Co do religii. Istnieje książka Zen na wojnie Briana. Radzę przeczytać, bo jest tam właśnie mowa o zmuszeniu religii służbie militaryzmu. Shintoizm oraz buddyzm bardzo mocno poparły militaryzm, natomiast tych, którzy się opierali, to wiadomo, przy czym w Japonii nie było ich zbyt wielu.
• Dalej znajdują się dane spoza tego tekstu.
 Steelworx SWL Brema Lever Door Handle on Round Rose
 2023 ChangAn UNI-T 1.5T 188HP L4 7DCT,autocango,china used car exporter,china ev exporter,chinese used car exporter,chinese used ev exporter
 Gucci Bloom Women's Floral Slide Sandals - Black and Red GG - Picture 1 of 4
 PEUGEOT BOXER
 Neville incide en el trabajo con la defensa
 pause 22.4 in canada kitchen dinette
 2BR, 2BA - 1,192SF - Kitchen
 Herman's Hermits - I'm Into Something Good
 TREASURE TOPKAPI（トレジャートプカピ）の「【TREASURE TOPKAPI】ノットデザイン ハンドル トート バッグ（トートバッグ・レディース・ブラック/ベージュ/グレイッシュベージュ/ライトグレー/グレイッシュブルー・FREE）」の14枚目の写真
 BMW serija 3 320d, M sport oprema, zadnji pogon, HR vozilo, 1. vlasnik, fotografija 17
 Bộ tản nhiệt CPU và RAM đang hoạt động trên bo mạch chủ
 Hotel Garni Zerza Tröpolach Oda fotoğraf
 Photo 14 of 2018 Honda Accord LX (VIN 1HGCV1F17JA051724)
Co do stworzenia super społeczności, która była idea Hitlera. Japończycy ten warunek spełnili, ponieważ wierzyli, ze są właśnie superspołecznością, gdzie cesarz jest bogiem, każdy Japończyk półbogiem stojącym znacznie wyżej od jakiegokolwiek innego osobnika. Cała różnica polegała na tym, ze Hitler rozwalał niektórych, natomiast innych niearyjczyków uważał za podludzi. Japończycy nie rozwalali, za to wszystkich niejapończyków uważali za kogoś gorszego od siebie. Różnicy więc nie ma jakiejś. Czy bowiem kogoś nazwiemy człowiekiem, siebie półbogiem, czy siebie człowiekiem, kogoś podludziem, to relacja lepszy gorszy jest identyczna. Japończycy zas nie mordowali ludzi innych ras ze względu na rasę, bo im się to po prostu nie opłacało. Zresztą, czy słyszy się o walce ras u Mussoliniego, czy raczej o przeciwnikach rządu kontra zwolenników rządu faszystowskiego? Czy identycznie nie było u Franco?
Dlatego jak najbardziej można uznać japońskie państwo za faszystowskie, właśnie opierając się na Twoich uwagach.